(Recorded data)

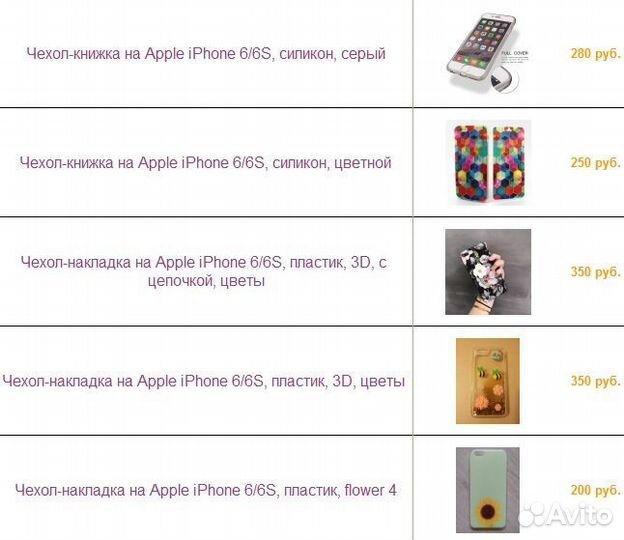 Чехлы для iPhone 6/6S, 3-ий чехол допом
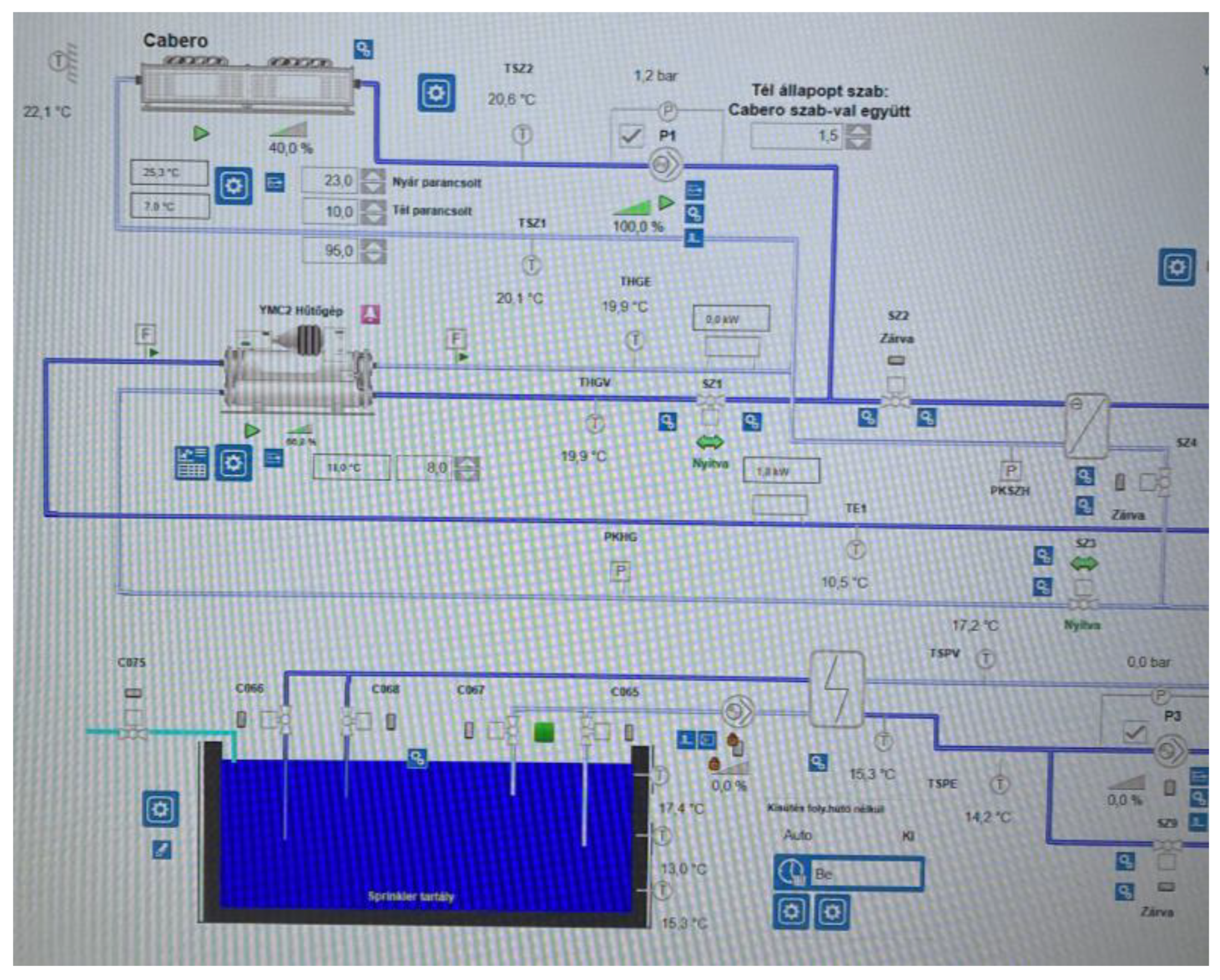 Energies 16 00188 g0a5 Energies 16 00188 g0a5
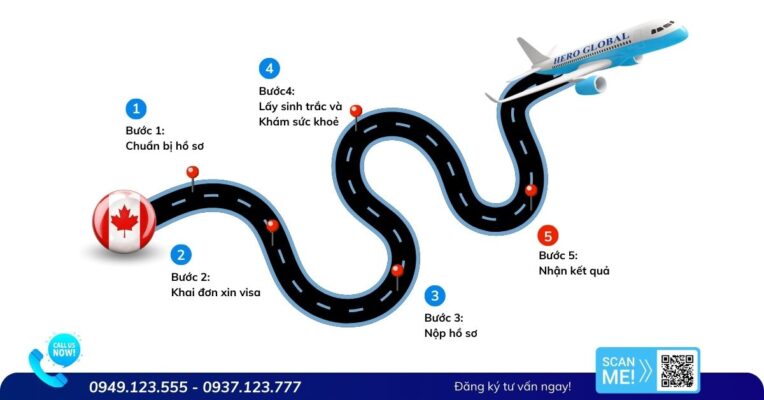 Quy trình xin visa Canada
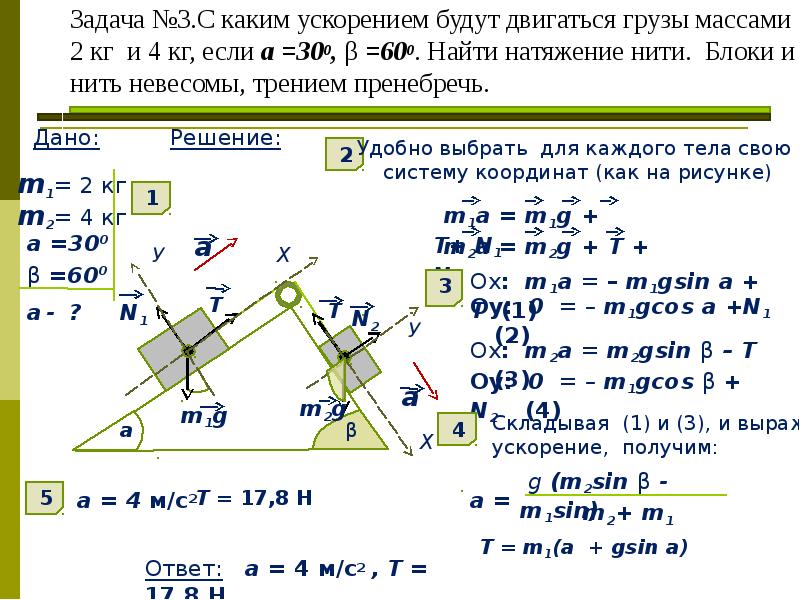 Примеры действия на тело нескольких сил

(End Recorded data)

Description of the task:
Reproduce exactly the lines above from the one with "Quy trình xin visa Canada" through the last line of the data, keeping both ends and dropping the pictures.

Solution:
 Quy trình xin visa Canada
 Примеры действия на тело нескольких сил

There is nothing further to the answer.